While Jake Smith’s recent 24-mile trek through the streets of Manteno was, for all intents and purposes, a solo endeavor, the mental health advocate is quick to point out nothing about the life-altering experience was done in solitude.
Smith had been planning a community walk for September, which happens to be National Suicide Prevention and Awareness Month, but COVID-19 made a gathering of any sizable amount next to impossible.
“With COVID going on, and all the restrictions, I didn’t want to take any chances,” Smith said. “But I still felt motivated — I wanted to do something, even if it was on my own.”
Once the decision was made, Smith said one piece of the puzzle came together after another.
“Never have I organized my own walk before for something like this,” he said. “It had been in the back of my mind, and finally I decided to just act on it.”
When he laced up his walking shoes and put on his athletic attire for what turned out to be an 8 hour and 20 minute marathon on Sept. 13, Smith said he aspired to provide an outward symbol of working through mental illness — weathering the pain and persevering, one step at a time.
As he ventured out on the trek early that late summer Sunday morning, Smith said he was pleasantly surprised by the acknowledgement he received through all corners of the community. At times, participants intermittently joined him on his journey through Manteno.
“(Supporters) would honk when they’d drive by or acknowledge me when they were at their house or in their driveway,” Smith said. “A lot of people waved at me and said, ‘Hey, Jake, I support you.’ They knew who I was. It amazed me that people were aware of my walk and what was going on and what I was walking for.”
For Smith, advocating for mental health awareness is a cause that hits very close to home. The Manteno resident frequently speaks openly about his own struggles with mental illness, which includes bouts of severe depression and anxiety.
While opening up about an affliction and exposing vulnerability can be challenging, Smith said he has felt a calling to do so because he wants others in similar circumstances to know they are not in isolation.
By removing the cloak of mystery around mental illness, Smith said he also wants the broader community to know the condition is more than skin deep.

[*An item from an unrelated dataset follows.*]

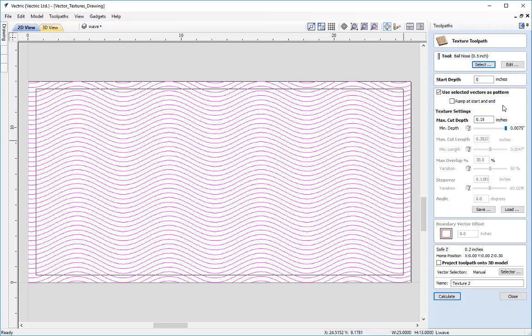With our half inch ball nose I want a maximum depth of 0.1 of an inch. The slider underneath lets us choose the minimum depth — we can go as low as 0.005 or all the way up to match the max, which would act like a profile toolpath cutting at a constant 0.1 inch. So we'll randomize between 0.005 and 0.1 of an inch. I'll name this wave 0.5bn and press calculate.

“It’s perfectly OK to not be OK,” Smith said. “There are more people out there struggling than you think. They could be your happy friends. It can be your friends that are talking all the time. It can be your family members, it can be your neighbor, it can be your best friend. Nobody’s alone.”
The walk might be behind him, but Smith said his advocacy for mental health is far from over. He is using a number of mechanisms — including social media channels — to build community. One of his most visible efforts is a Facebook page: Manteno Community Public Mental Health Support Group.
Smith regularly takes to the page to share bits of wisdom and inspiration as he continues his own journey.
On Sept. 22, for instance, he wrote, “If you’re reading this, you have lived to see another day. Another opportunity to improve yourself. Keep it up. I’m proud of you. Do something great today. Keep #Winning; Stay #HumbleAndKind.”
“I want to continue getting the word out there, advocating and providing daily reminders or a daily motivation type of thing,” Smith said. “It’s important to continue to talk about mental health and keep the subject going when I’m not walking for it. It’s all about starting conversations — that community engagement.”
In a year filled with so many challenges, Smith said he is glad he took a leap of faith and embarked on the 24-mile trek.
“The community noticed and they realized mental health and suicide awareness are finally being prioritized around here,” he said. “It really stuck with people.”
If all goes as planned, Smith said his goal is to make the mental health walk an annual tradition in Manteno.
“Hopefully, in the future, there will be a walk through town with several members throughout the area,” he said. “I’m working on trying to get shirts made with a group name on it, so that’s one way of advertising the group. People can support the group and get the word out that way.”
All of the efforts, he said, are a reminder no one is suffering in solitude. Instead, as he puts it, the overtures are “a way of normalizing mental health.”